St Seraphim of Sarov
The ancient Olympic Games were like Wembley Stadium and Westminster Abbey rolled into one.
The sacred truce (or ekecheiria – the holding of hands) was believed to be policed by the god Zeus himself and protected travellers to the sacred territory of Elis for seven day period before and after the games.
The terms were somewhat limited and the ancient Greeks were notably pugnacious.
In the Biblical perspective the Judaeo-Christian understanding of peace embraced not merely the absence of violence but the presence of one of the fruits of the Holy Spirit. Galatians V: 22 “But the fruit of the Spirit is love joy peace.”

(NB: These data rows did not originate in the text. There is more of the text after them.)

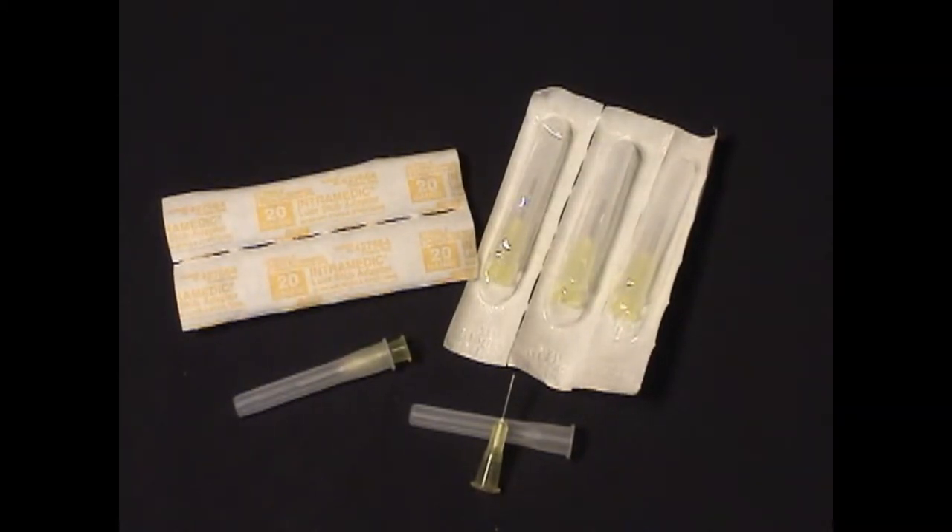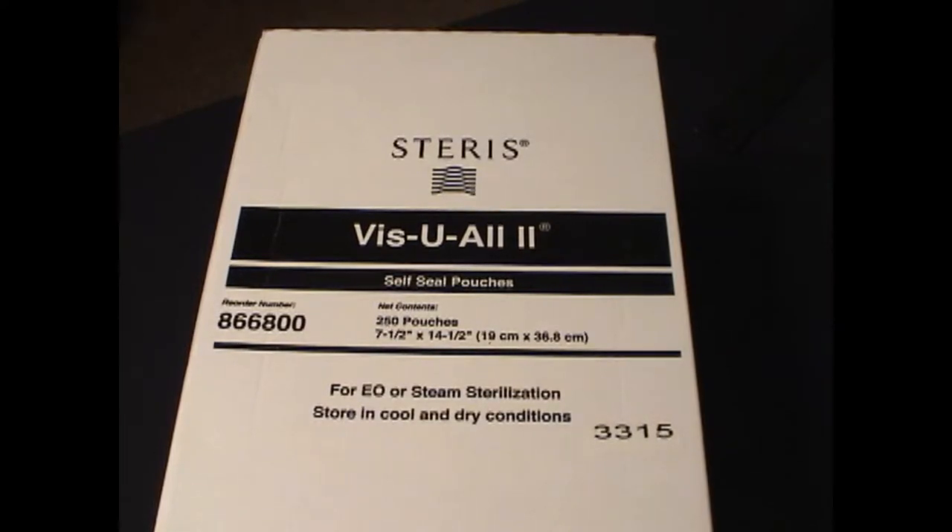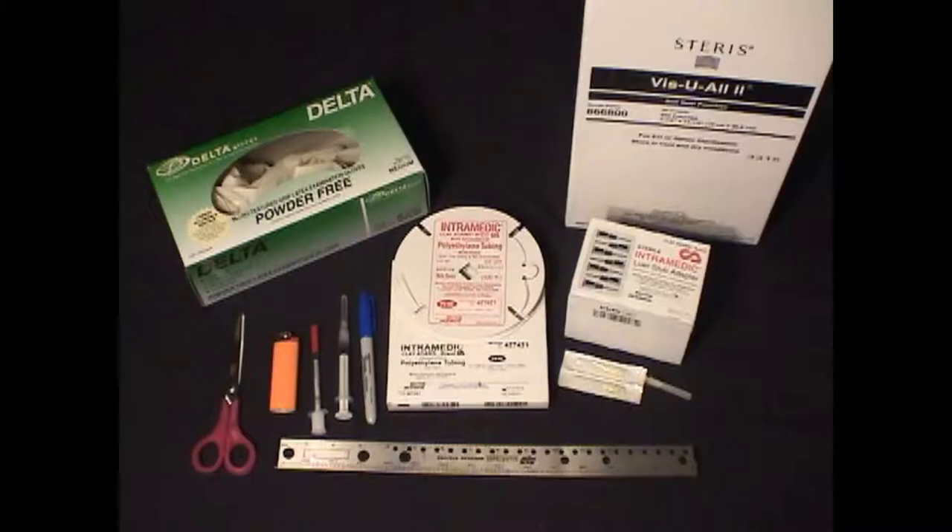The sterilization packs we use are the Steris Visual, part number 866800. The remaining materials you need include gloves, a ruler, scissors, a cigarette lighter, a 3 ml syringe, an insulin syringe with a 27-gauge or smaller needle, and a Sharpie marking pen.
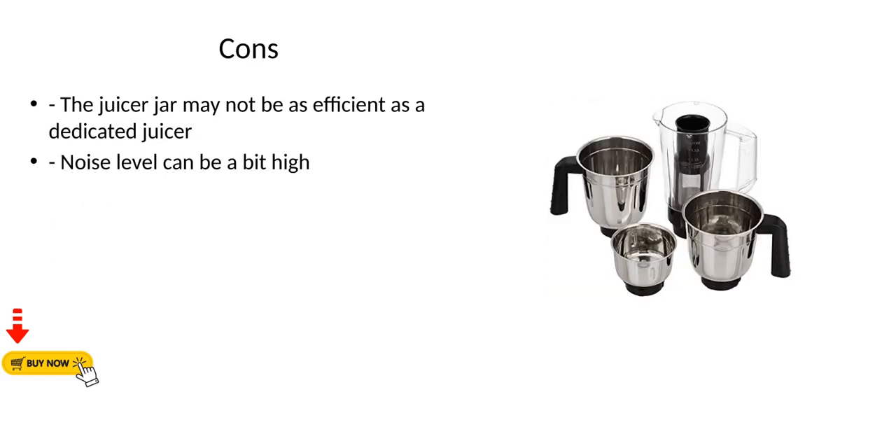Cons: The juicer jar may not be as efficient as a dedicated juicer, and the noise level can be a bit high.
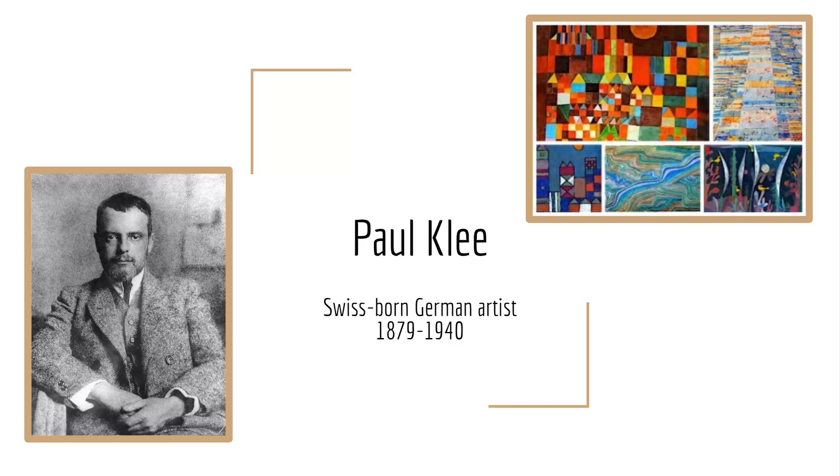Hi everyone. My artist I chose was Paul Klee, who was a Swiss-born German artist from the year 1879 to 1940.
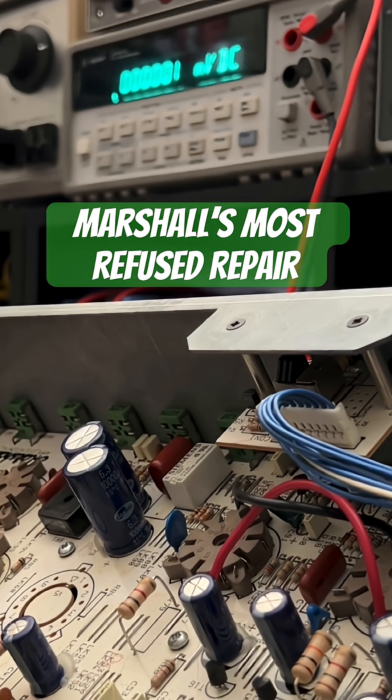This is that DSL-201, a little 18-watter. The other Amtech he sent it to, they don't work on these. And I get it because you can't charge the actual labor and parts on a job like this because it fiscally doesn't make sense. You can't charge a cost that approaches the used market price of one of these for a repair. And that's the dilemma. Or they're scared of PCBs. I'm not making a judgment or an assumption here — I'm just saying what other reasons are there.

The Holy Spirit converts an absence of violence into a love of wellbeing and a taste for life which is not incompatible with risk taking and competitive sport – the agon; the contest to which St Paul refers. As well as delivering us from the spiritual flatlands the peace which comes with the Holy Spirit should not be confused with carpet slippers at the end of the day. The Holy Spirit is the one who brings all created things to their proper ends and perfects the world. So the Holy Spirit fills us with an urgent desire for peace and human flourishing.
This has always been a feature of the Church’s life.
In the mediaeval West in the 10th and 11th centuries there was a Truce of God movement in the area of modern day France and Germany in an attempt to curb endemic warfare among local warlords. In some form it lasted for nearly three centuries.
In the modern world who could fail to be appalled by the events in Houla and in other parts of Syria but even in London too many young lives have been lost and blighted by violence on the streets. People of faith in the capital have a crucial role in cooperation with many other agencies to be agents of peace.
The ancient truce was proclaimed throughout Greece by three heralds. We shall need rather more – credible heralds to carry the message to every community in the streets of London. Today’s event brings hope that the truce will be proclaimed in every one of the four thousand churches of Greater London and in the mosques, synagogues, gurdwaras and temples of the capital.